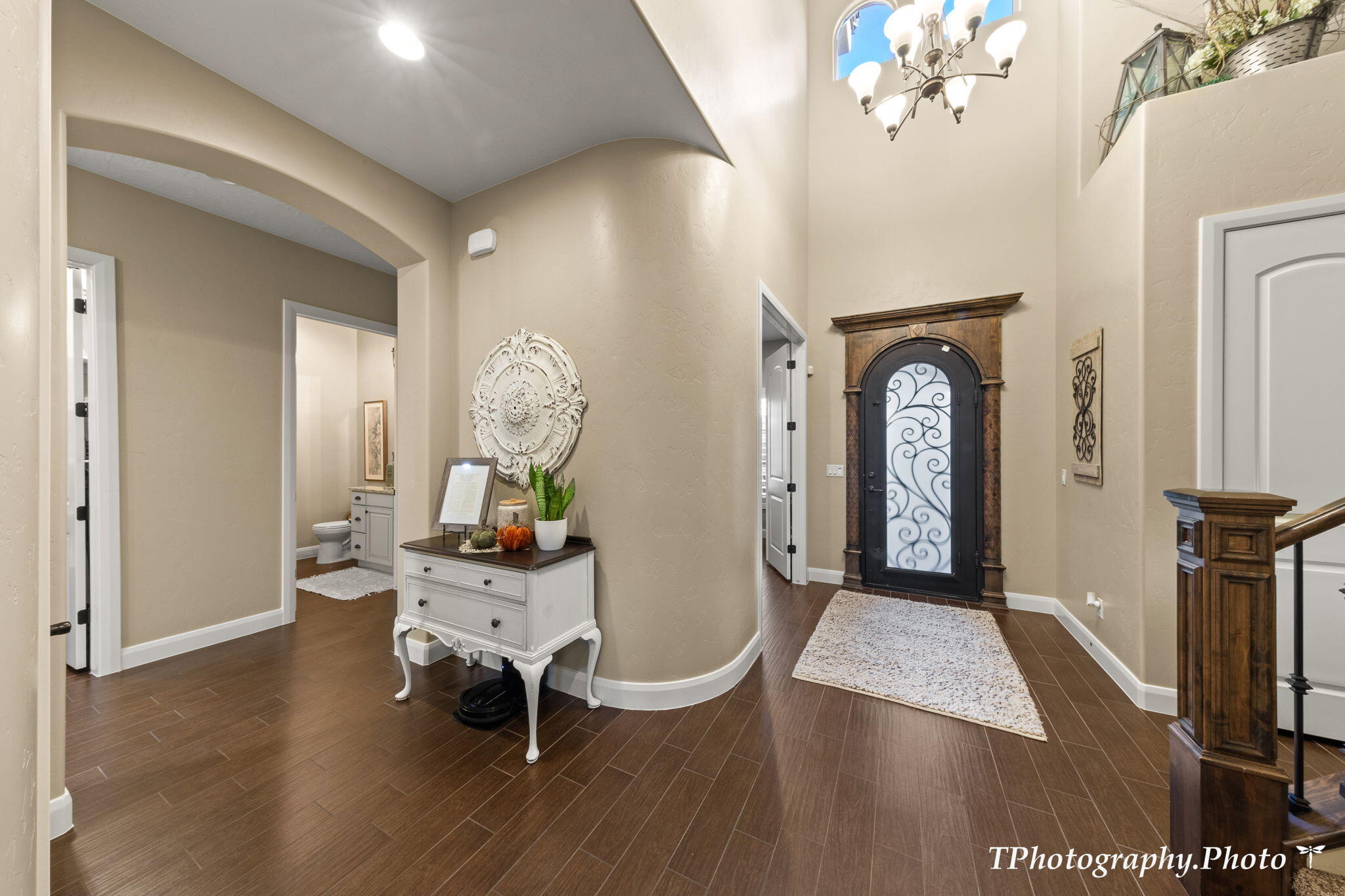 2451 E Lagrasse CIR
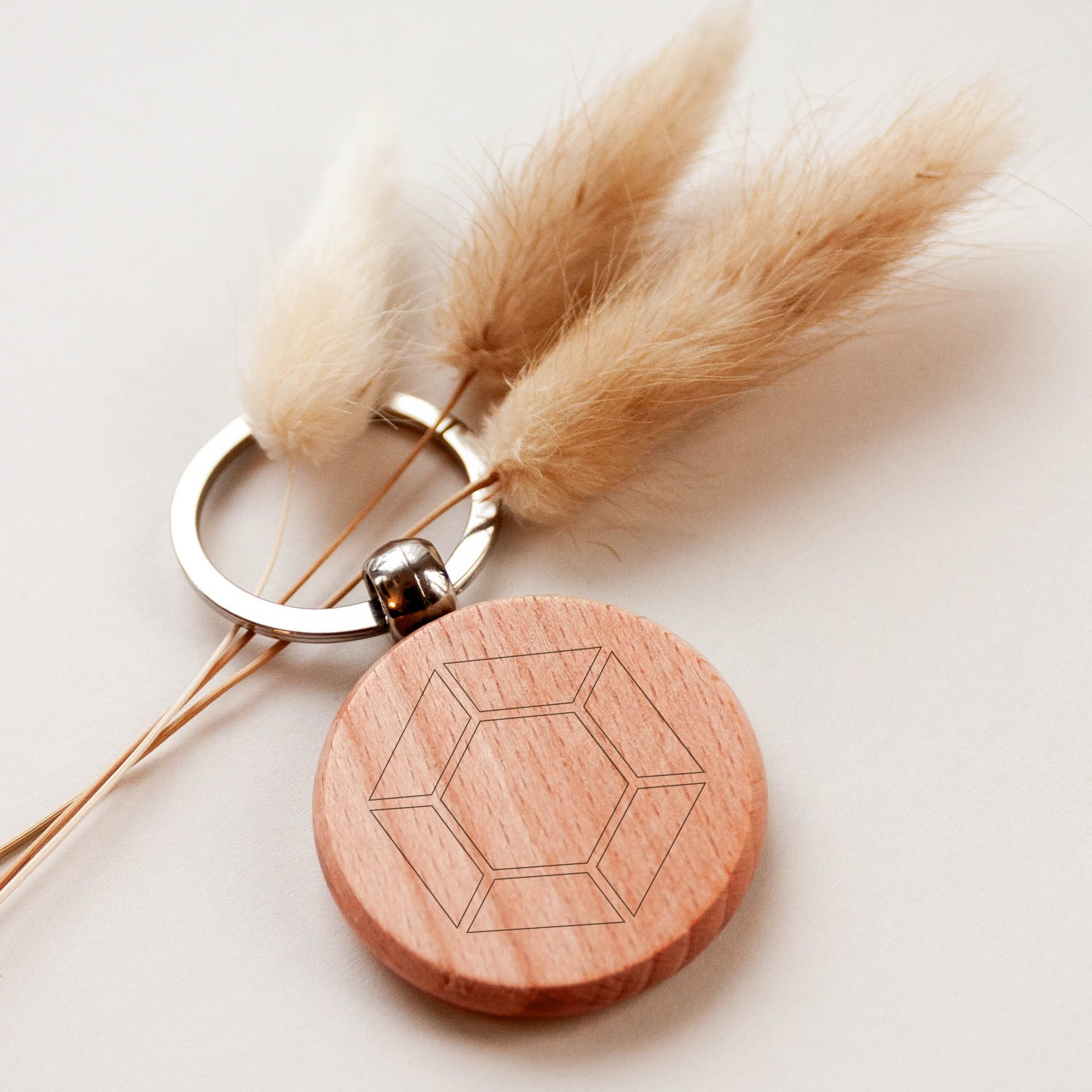 banjado Schlüsselanhänger mit Gravur aus unbehandeltem Holz - Motiv "Diament" mit Schlüsselring (1-tlg)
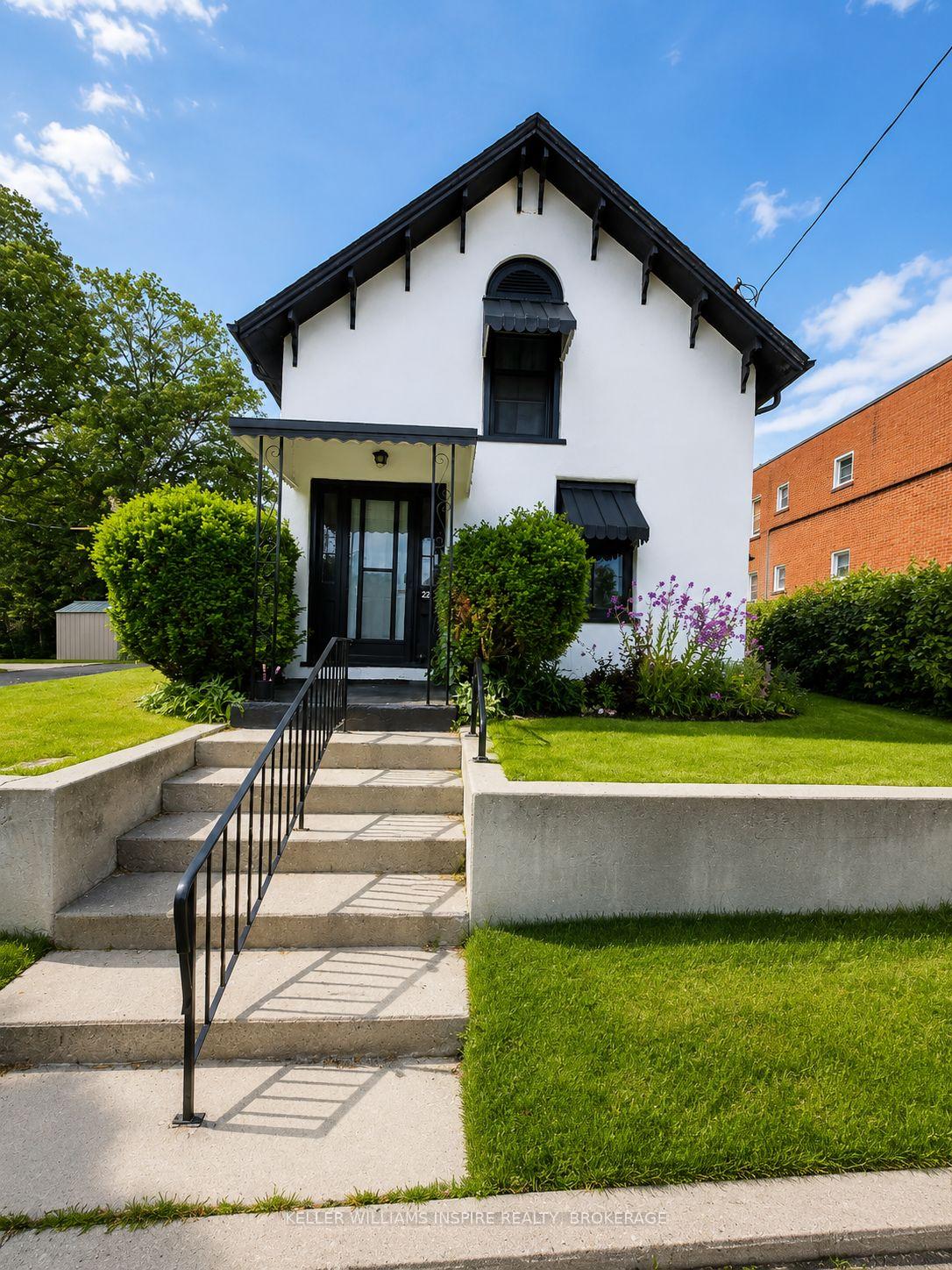 22-mccoll-street-quinte-west-ontario-x13440054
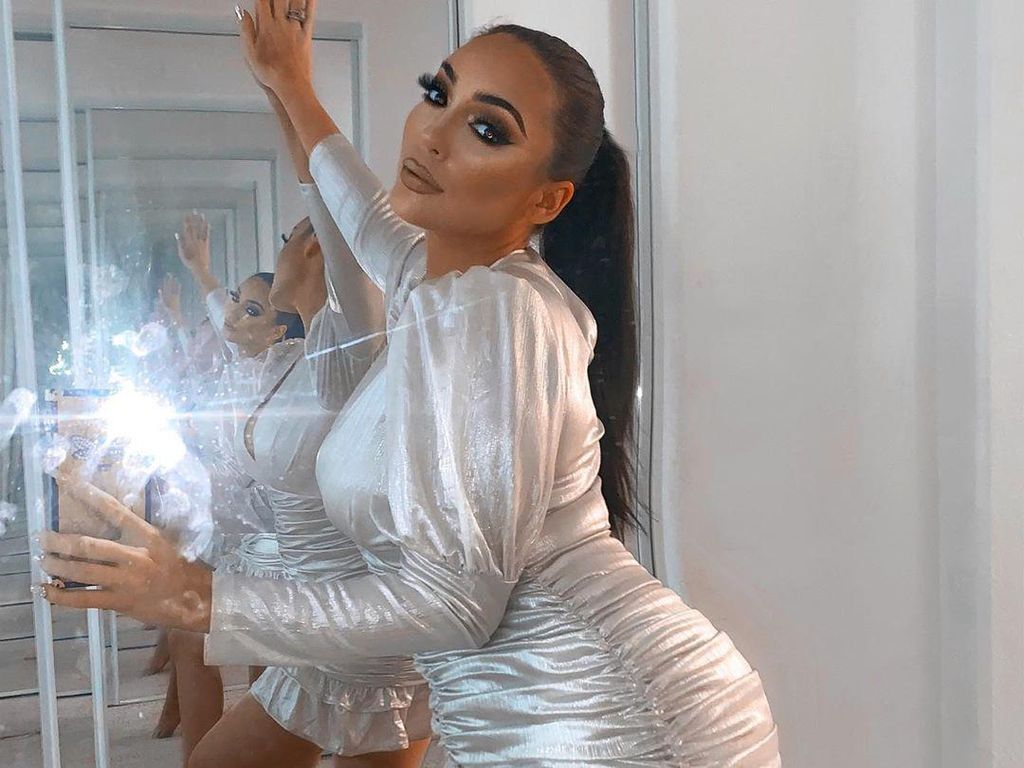 Foto: Wanita yang Dijuluki Kim Kardashian KW, Dandan 6 Jam Setiap Hari Foto: Wanita yang Dijuluki Kim Kardashian KW, Dandan 6 Jam Setiap Hari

##############################

__Task__.
Would you return the whole listing exactly, without the pictures?

__Solution for this task__.
 2451 E Lagrasse CIR
 banjado Schlüsselanhänger mit Gravur aus unbehandeltem Holz - Motiv "Diament" mit Schlüsselring (1-tlg)
 22-mccoll-street-quinte-west-ontario-x13440054
 Foto: Wanita yang Dijuluki Kim Kardashian KW, Dandan 6 Jam Setiap Hari Foto: Wanita yang Dijuluki Kim Kardashian KW, Dandan 6 Jam Setiap Hari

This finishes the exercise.